There are many ways to do this. The most expensive is to hire the services of a digital monitoring agency, of which there are now many. The cheapest is to make someone in your organisation your in-house analyst – showing them how to use the free monitoring and search tools available and giving them the brief to keep their ear to the ground. Somewhere between the two is to hire an agency or individual who is already familiar with the on-line environment and task them with doing an initial analysis  to prepare the ground for setting up your own monitoring thereafter.

One thing to bear in mind is that the extent to which you use an outside organisation or function to keep you in touch with “the conversation” is a measure of the extent to which you are not actually involved in “the conversation”. Thus while it is quite acceptable to use external monitoring to get you going, it is the equivalent of water wings – something that ultimately you should be looking to reduce your reliance on.

2. Creating a credible story

Having a story is not something specific to social media. The concept of defining and describing your organisation as a story and using this as the basis for communication is becoming increasingly popular as brands and businesses recognise that getting consumers or customer to buy-into the story is the key to getting them to buy the product. A story is a far more useful and flexible tool to plan communications than a proposition – because stories are broad and engaging and you can have a conversation from them, whereas propositions are narrow and focused and only help you shape focused mass communication (advertising).

However, having a credible story is especially important in order to start shaping your digital identity. The social media environment is a bit like a club with a defined dress and entry code. If you try to get in wearing your old marketing clothes – based on hype, promotional-speak and hard sell – you either won’t be let in or will rapidly thrown-out or isolated. The clothes and behaviours you need to adopt have to be rooted in realism, credibility, transparency and proven values, opinions and facts. Who and what lies behind a product or service are as important as what the product or service is or delivers.

Sitting down and enshrining this in a story – probably expressed on one page – is an incredibly important exercise and one where you may want to commission some help – either from your existing agencies or other external consultants. It is often difficult to have the necessary degree of realism if you try and do this entirely yourself – especially since an effective story may not have the same level of superficial attraction that previous propositions or statements of visions and values might have had.

3. Start creating “off-site” digital content

In the old days (i.e. six years ago) if you wanted to guarantee that you could reach large numbers of people, you had to spend your way to them , buying media or spending on other forms of distribution – direct mail, printed material etc. One of the big changes of social media / web 2.0 is that distribution, for many forms of content, has now become free.

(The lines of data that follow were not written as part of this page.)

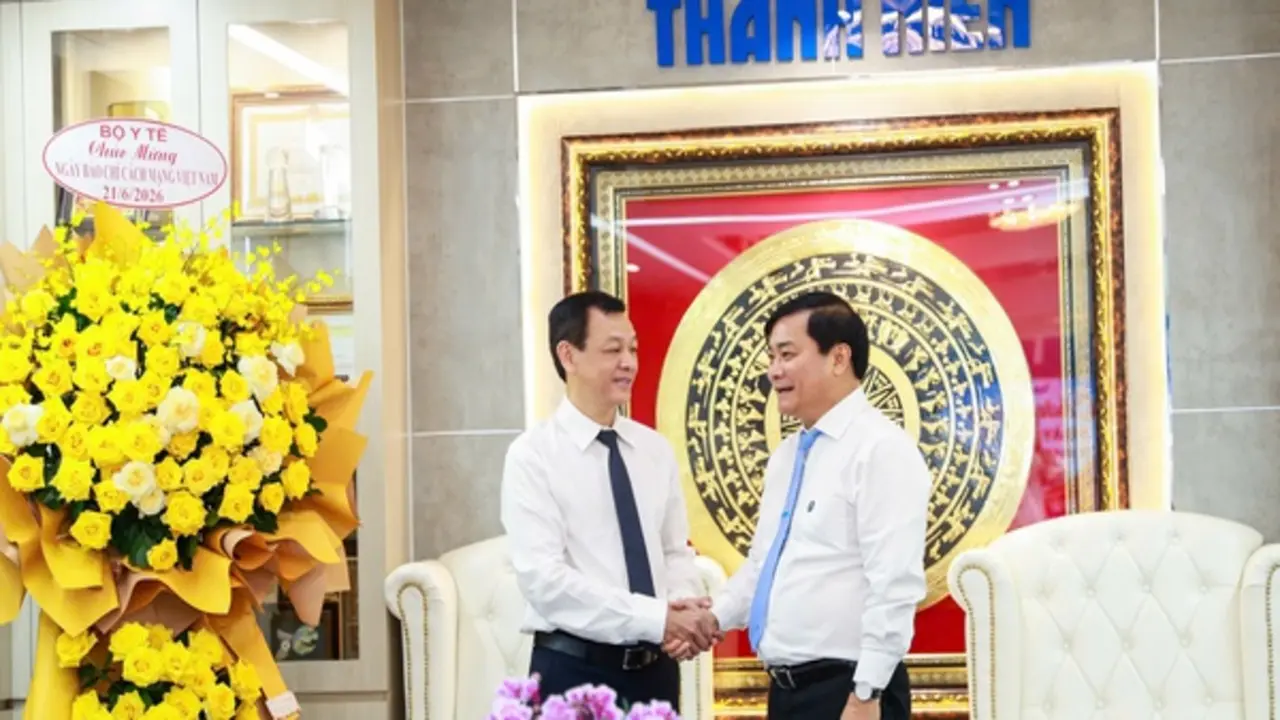Lãnh đạo Bộ Y tế thăm, chúc mừng Báo Thanh Niên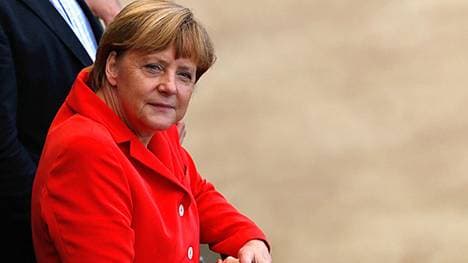 Bundeskanzlerin Angela Merkel unterstützt das DFB-Team live im Stadion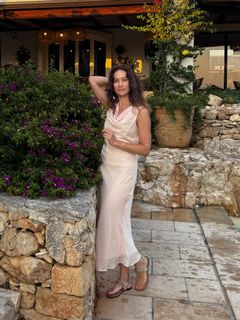 Olga Kurylenko feet photo 12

This presents the opportunity, and also the need, to spend more money making media and less money buying media. It also provides the freedom to produce content that is much more niche and editorial in nature and also cheaper. Ultimately this is going to move to a point where organisations and brands become their own content channels or hubs – run in a similar way to newsrooms.

For most organisations this is still some way off and it is not yet time to  ditch the traditional advertising, direct mail, PR and sales promotion mix of communications. However, it is important to recognise the value in starting to become familiar in producing content that works in the social media space. There is probably a lot of existing information you have which could be re-purposed and placed into the new digital channels  helping to build your digital footprint but also acting as digital bait, helping people discover your organisation or brand. Likewise, there are probably some relatively low budget steps you could take to develop content specifically for digital placement. Every organisation should have a YouTube channel – even if the only video you have on it is a shot of your office, factory, shop or showroom with a graphic overlaid which describes your business. It will cost zero to do this – except about an hour of time – but with suitable tags applied it is effective digital bait that is out there helping people discover your organisation.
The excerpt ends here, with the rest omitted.